I did not check further to prove that this article is fact, I pass it on here for you to read. If it is true, it's utterly horrible.




http://www.truthaboutpetfood.com/articles/...Food/Page1.html


----------



## 08chrissy08 (Sep 19, 2008)

:new_shocked: I really hope that isn't true. If it is, that's really disturbing.


----------



## CeeCee's Mom (Sep 14, 2006)

That article makes me sick to my stomach..........that is horrible, if they do that!!!!


----------



## Cosy (Feb 9, 2006)

I don't know. This has murmurings of PETA. I've never heard of this site before.
I thought rendered meant destroyed, not given away.


----------



## cloey70 (Jan 6, 2008)

I believe it, nothing surprises me anymore in this crazy world we live in.


----------



## Bonnie's Mommie (Mar 2, 2006)

QUOTE (CuteCosyNToy @ Nov 5 2008, 11:22 PM) index.php?act=findpost&pid=664913


> I don't know. This has murmurings of PETA. I've never heard of this site before.
> I thought rendered meant destroyed, not given away.[/B]



I thought of PETA right away, too, Brit. I don't really know what to make of the article.


----------



## 3Maltmom (May 23, 2005)

QUOTE (CuteCosyNToy @ Nov 5 2008, 11:22 PM) index.php?act=findpost&pid=664913


> I don't know. This has murmurings of PETA.[/B]



I agree. First thing I thought of was PETA, as well.
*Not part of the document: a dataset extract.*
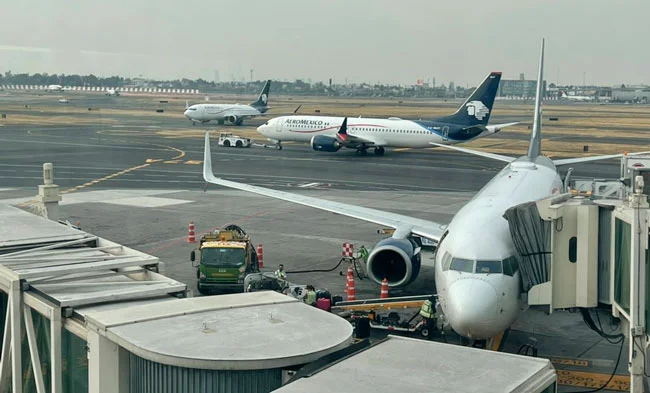 Aumento de la TUA encarece hasta 50% viajes por avión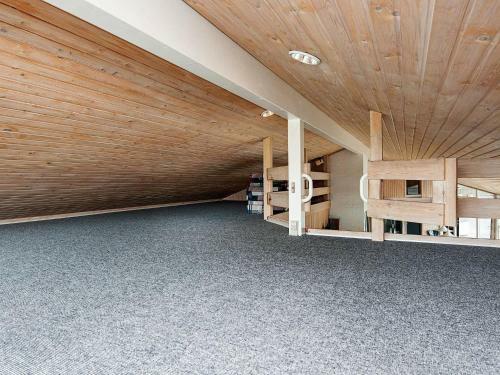 Four-bedroom Holiday Home In Fan� 6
Not to mention, they seem to be talking about ALL dog food.

Well, that in itself, is ridiculous. 

So, nope, I'm not concerned. I do my homework, and make my choices.

Is there anywhere, on this site, which names the "companies" who use this practice?
That's what I would like to know. Which companies are doing this? Perhaps I missed it.
If I did, I could then check on their accusations. 
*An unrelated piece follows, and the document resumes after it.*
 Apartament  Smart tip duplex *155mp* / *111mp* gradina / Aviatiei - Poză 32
After the millions of dollars on recent dog food recalls, I find it hard to believe that the 
reputable ones, are involved in this crap. Doesn't make sense. 

Once again, I agree, it certainly sounds like PETA Bull.


----------



## 08chrissy08 (Sep 19, 2008)

It did say in the article the it was only in dog foods with ingredients like "animal meal" and "animal fat" instead of something specific like "chicken meal." Still, this makes me think of PETA too. While PETA does have a few good idea, some are so fanatical.


----------



## beckinwolf (Sep 2, 2008)

This sounds similar to what I read in the book, "Food Pets Die For", but I don't remember the author mentioning lab animals. She just talked about euthanized pets, zoo animals, and roadkill. Either way, its fishy. I doubt that the high-quality foods we feed our Malt's would be affected though. Anything with "animal digest" and "by-products" your just asking for trouble.


----------



## 3Maltmom (May 23, 2005)

QUOTE (08chrissy08 @ Nov 6 2008, 12:26 AM) index.php?act=findpost&pid=664947


> It did say in the article the it was only in dog foods with ingredients like "animal meal" and "animal fat"[/B]



So are they saying ALL "animal meal", and "animal fat" comes from "Lab" animals?

That does not make sense. Why couldn't "animal fat" come from a "non lab"?

I'm just trying to make sense of this. 

And am still curious, as to why they are not naming brands.


----------



## 08chrissy08 (Sep 19, 2008)

QUOTE


> So are they saying ALL "animal meal", and "animal fat" comes from "Lab" animals?
> 
> That does not make sense. Why couldn't "animal fat" come from a "non lab"?[/B]


I'm not sure that they are saying all of those things are from lab animals. I really have no idea. Either way, it's disturbing if it's true. 

Luckily, I think everyone here is pretty careful about what foods they feed their fluffs. I know none of the good ones say anything like "animal meal" on their ingredients lists.


----------



## I found nemo (Feb 23, 2006)

:shocked: Thats disgusting and I hope it's not true  :blink:


----------



## Nikki's Mom (Feb 13, 2008)

Actually, this website and its authors have nothing to do with PETA as far as I know. One of its authors is Jan Rasmussen, the author of _Scared Poopless. _For the record, I am NOT a PETA supporter. I have no interest in this article for myself as I home cook, but I feel strongly that people need to make informed decisions on what they purchase. 

I don't think that the article states that ALL dog food is from lab animals. They said that the dead lab animals go to rendering plants. I've heard that euthanized animals go there too. Maybe if someone is really concerned and has the time, they could do research on rendering plants and post their findings here. 

If you are really concerned, why not email the company you buy your pet food from and ask them outright about rendering plants? I've emailed several pet food companies and most were very nice about giving me answers. Some didn't answer me at all, though.


----------